We recognise discussion and debate as a key aspect of effective learning and embrace the principles described by ‘Blooms Taxonomy’. Using this structure it is possible to offer sufficient challenge for children, encouraging higher order thinking skills.
To teach History effectively, teachers employ a variety of methodologies, such as:-
- Subject specific vocabulary
Identified through medium term plans and highlighted to the children at the beginning of lessons through mind maps and revisited through class assemblies and knowledge quizzes.
We use a whole-school timeline which records all history learning and enables children to put new learning in the context of old learning. Children will also have individual timelines to keep referring to, in order to understand the chronology of events for each topic studied.
Children will have constant access to a wide variety of subject specific fiction and non-fiction books, available in history lessons, other lessons and in the class book area
- Use of artefacts
Where possible we use a range of visual stimulus such as artefacts, videos and photographs for children to explore and investigate. We believe that handling real objects enhances the children’s historical knowledge, understanding and skills.
- Use of sources / bias
We aim for children to recognise that bias exists in some form in all historical sources, and this needs to be accounted for in their interpretation of evidence.
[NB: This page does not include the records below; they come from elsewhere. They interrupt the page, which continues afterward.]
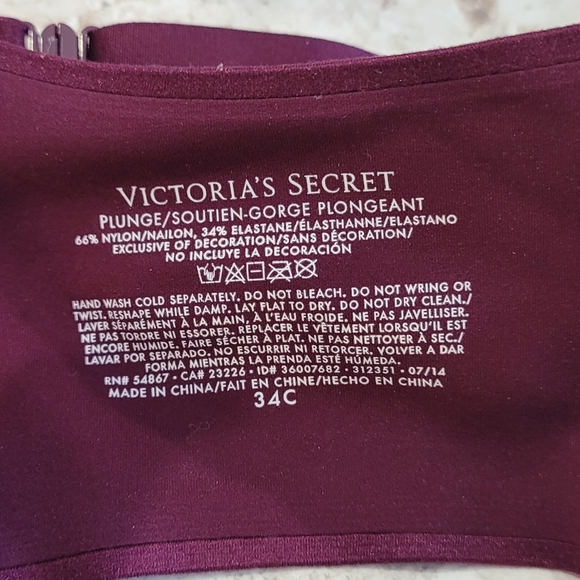 Victoria's Secret Plunge bra - Picture 3 of 3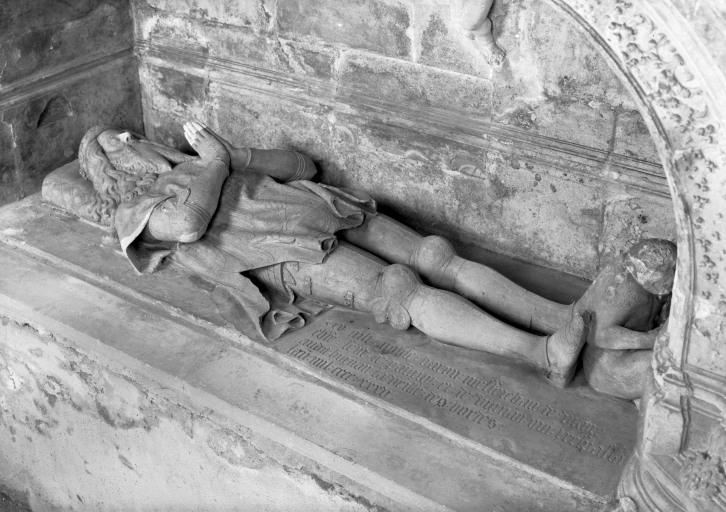 Le gisant de trois-quarts droit.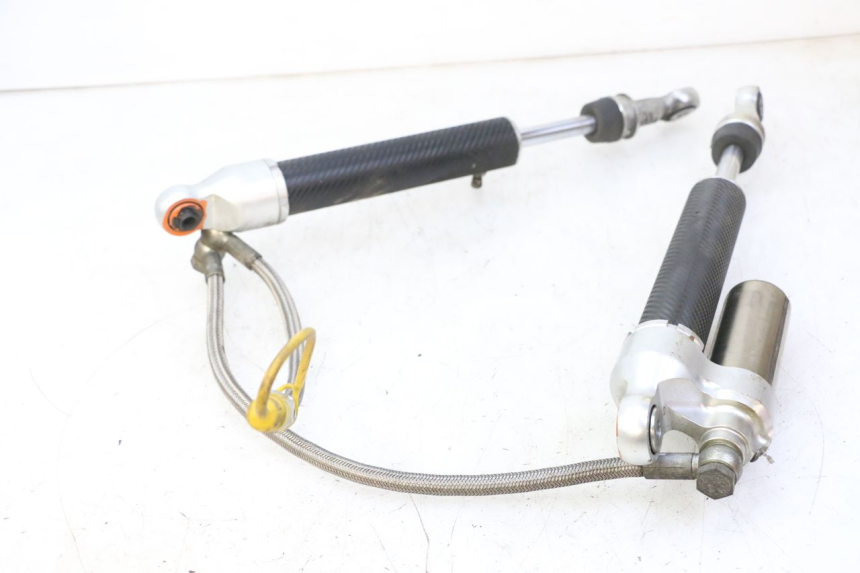 photo de REAR SHOCK ABSORBER PAIR QUADRO 4 4D 350 (2015 - 2018) - Checked used part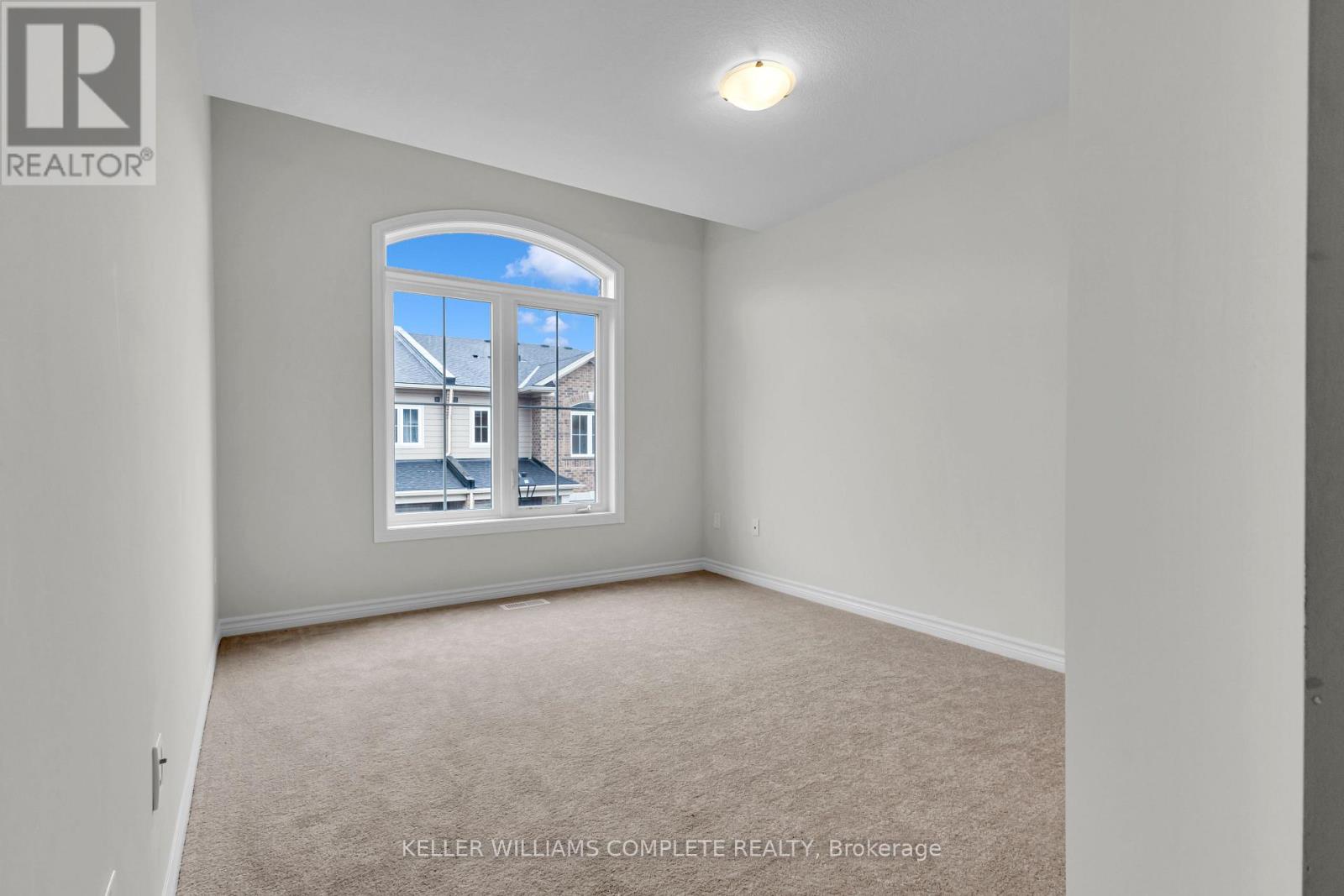 Photo 2 of 147 677 Park Road N, Brantford ON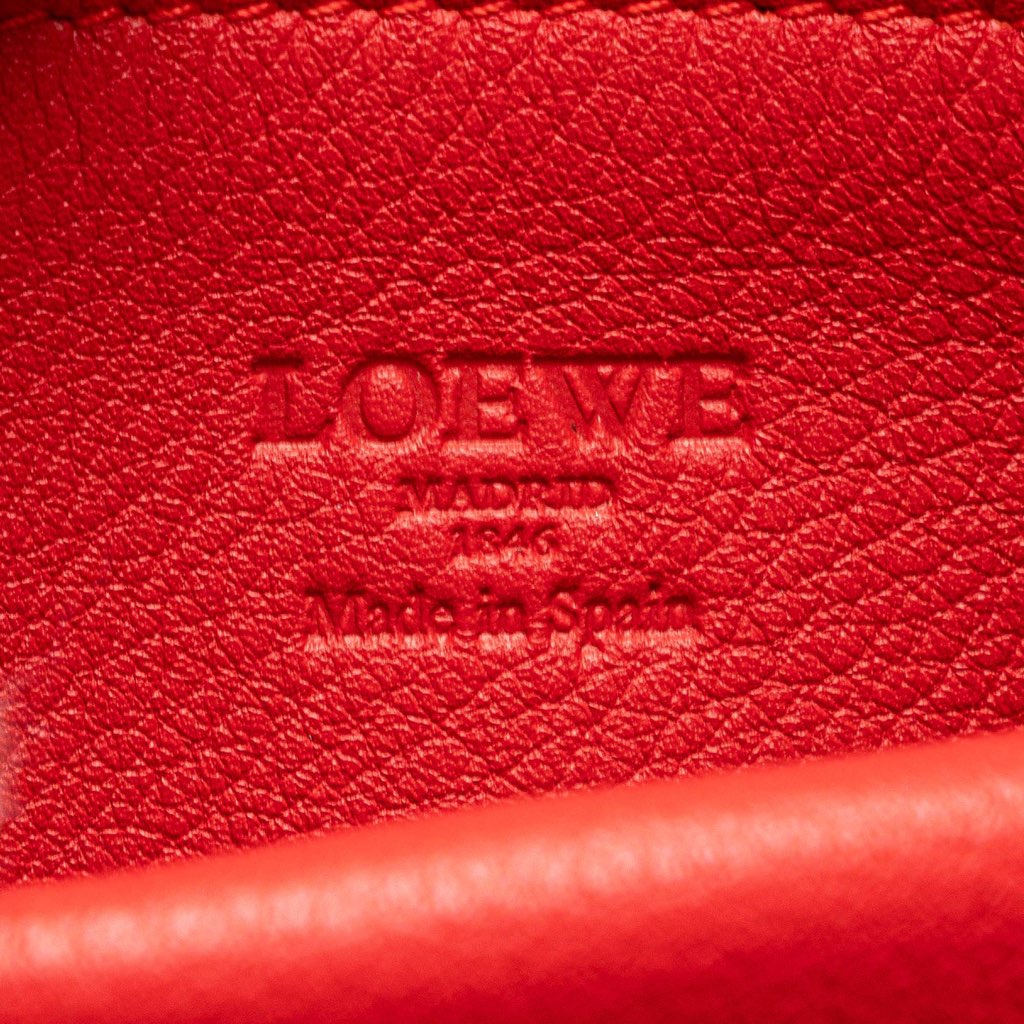 Loewe Suede Amazona 36 - Side view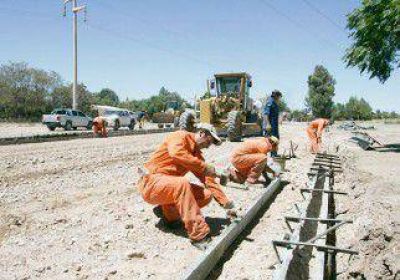 Crece el apuro para asfaltar 46 cuadras en Centenario 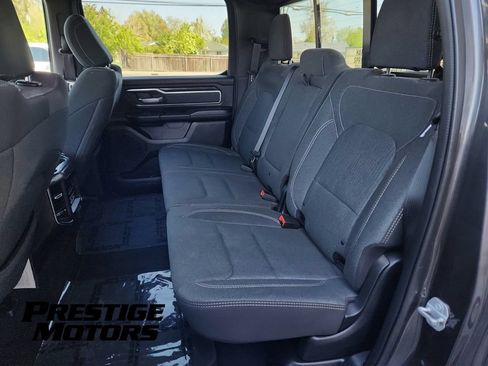 Used 2019 RAM 1500 Big Horn AWD/4WD image 11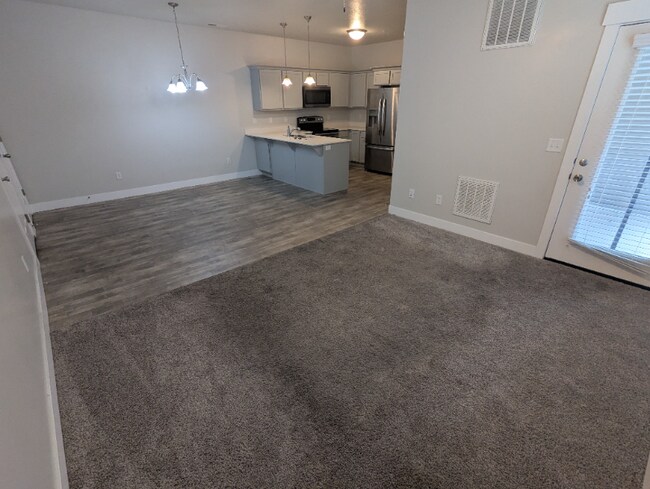 Foto del edificio - 14474 S Renner Ln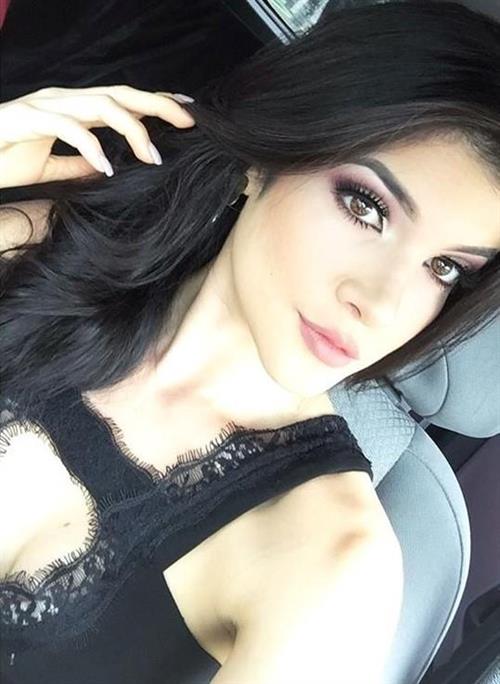 Daniela Cepeda taking a selfie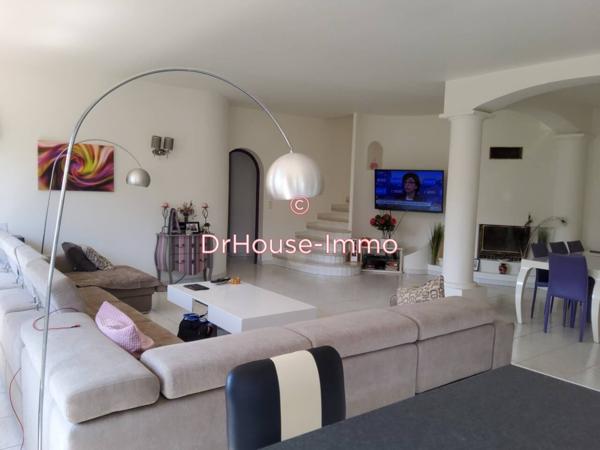 Maison à vendre 4 pièces de 161 m²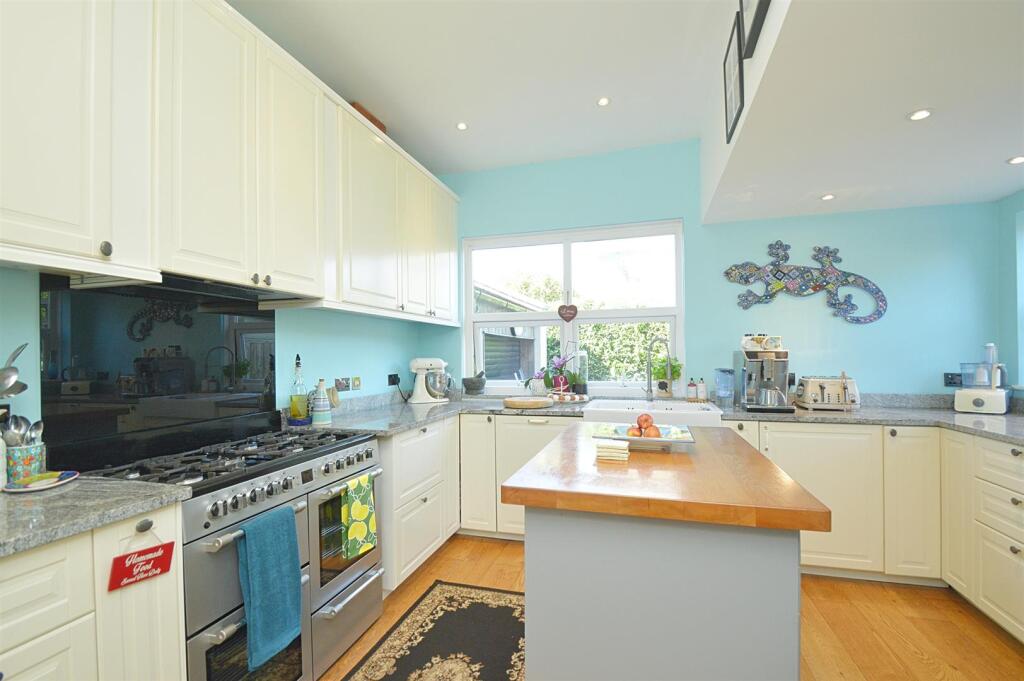 resizedKitchen3.jpg
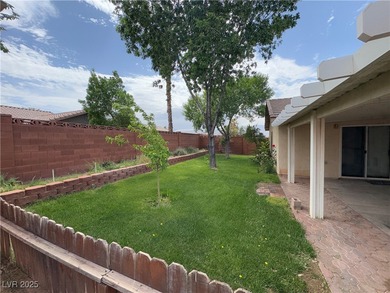 *Gorgeous Home* Single Story, quiet community, 3 Bedroom, 2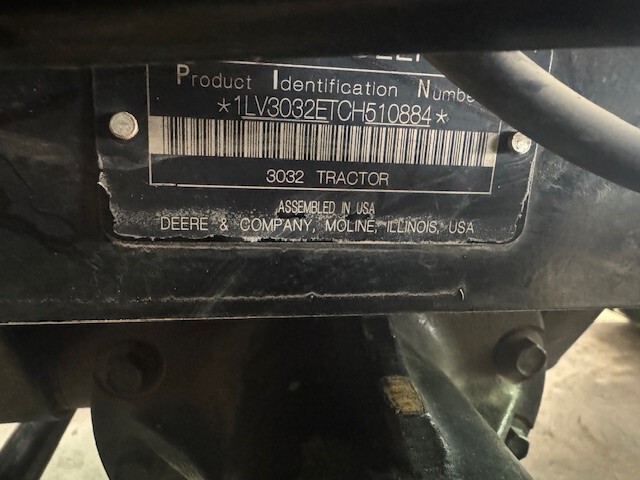 2013 John Deere 3032E Image 6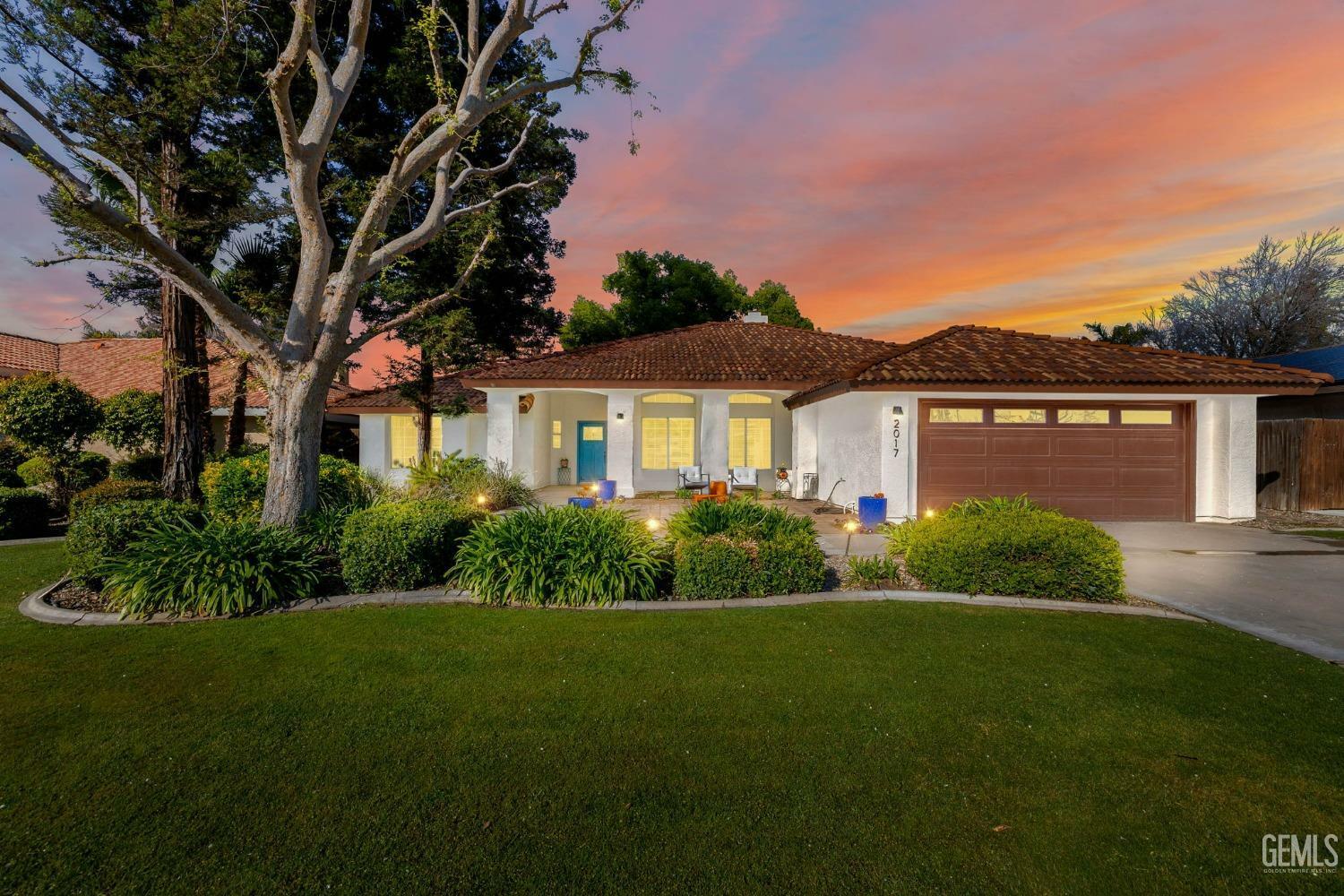 2017 Blue Oak Drive  Bakersfield CA 93311 photo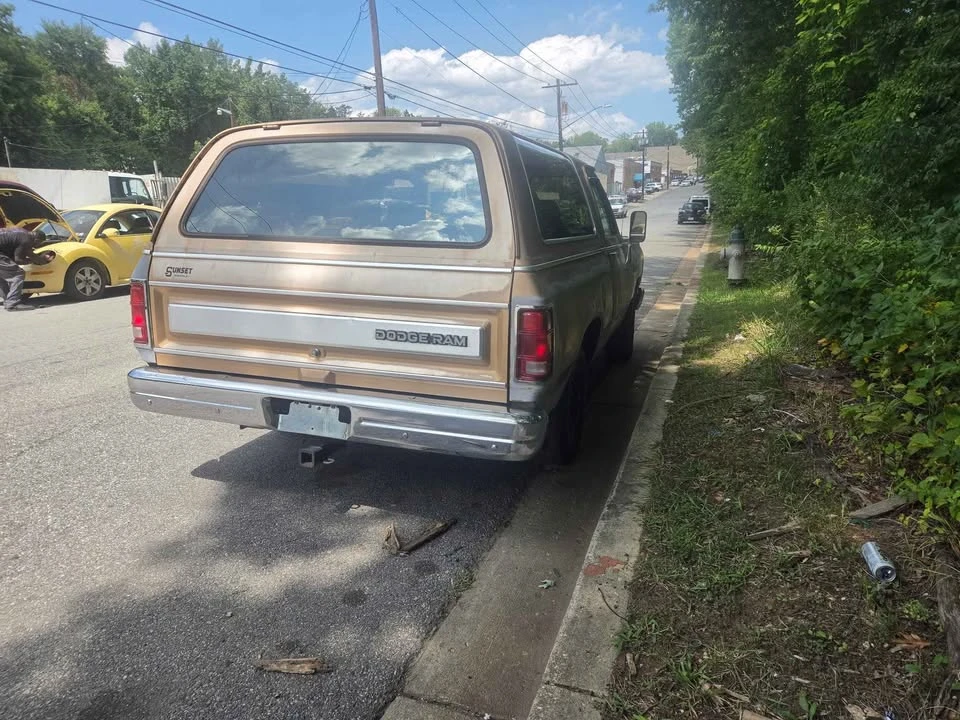 1987 Dodge Ramcharger - Image 4 of 6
The use of ICT including CD-ROMs, web-based resources and interactive programs such as QR code trails enhances the students learning experience.
Teachers will assess learning using mind maps at the beginning of each lesson to recap prior learning and through the use of ‘quick quizzes’.
- Outdoor learning
We recognise that children learn in a variety of ways, and so where appropriate, children will learn history outside the classroom, with visits to historical sites and museums
- Approaches to teaching
A wide variety of teaching approaches are used in history lessons to ensure children make good progress, and all learning styles are catered for. Class teachers ensure there is a good balance of whole class, group work and individual learning in history lessons. We also aim to incorporate presentations by teachers, visitors and children; drama and role play; discussions and debates and themed days or weeks to inspire all learners.
A typical topic for history will be sequenced in the following way:
Lesson 1: Identify the historical period on the whole school timeline.
Assess children’s prior knowledge.
Lesson 2: Introduce the topic, historical lens and curriculum links.
Lesson 3/4/5: Teaching of learning of significant event or person
Use of mind map to recap prior learning
Different tasks to assess retrieval of key information.
Use of historical skills to question source's reliability.
Discussion of skills used in lesson and how they are used in other subjects/real-life.
Lesson 6/7: Key enquiry linking the topic and lens.
We assess children’s work in history by making informal judgements as we observe them during lessons, by the use of a mind map at the beginning of a lesson to recap prior learning and with the use of ‘quick quizzes’ for assessment of fact retrieval. We mark a piece of work once it has been completed and we comment as necessary. An assessment is recorded in the pupils’ end of year report. Formative assessments are made against statutory end of key stage objectives.
- Children will know more, remember more and understand more about History.
- Children will understand and use the key skills of chronological understanding. Knowledge and understanding of events in the past, historical interpretation, historical enquiry and organisation and communication.
- The large majority of children will achieve age related expectations in History.
- As historians children will learn lessons from history to influence the decisions they make in their lives in the future.
All of our staff, senior leaders and Governors are involved in measuring the impact of our history curriculum in differing ways.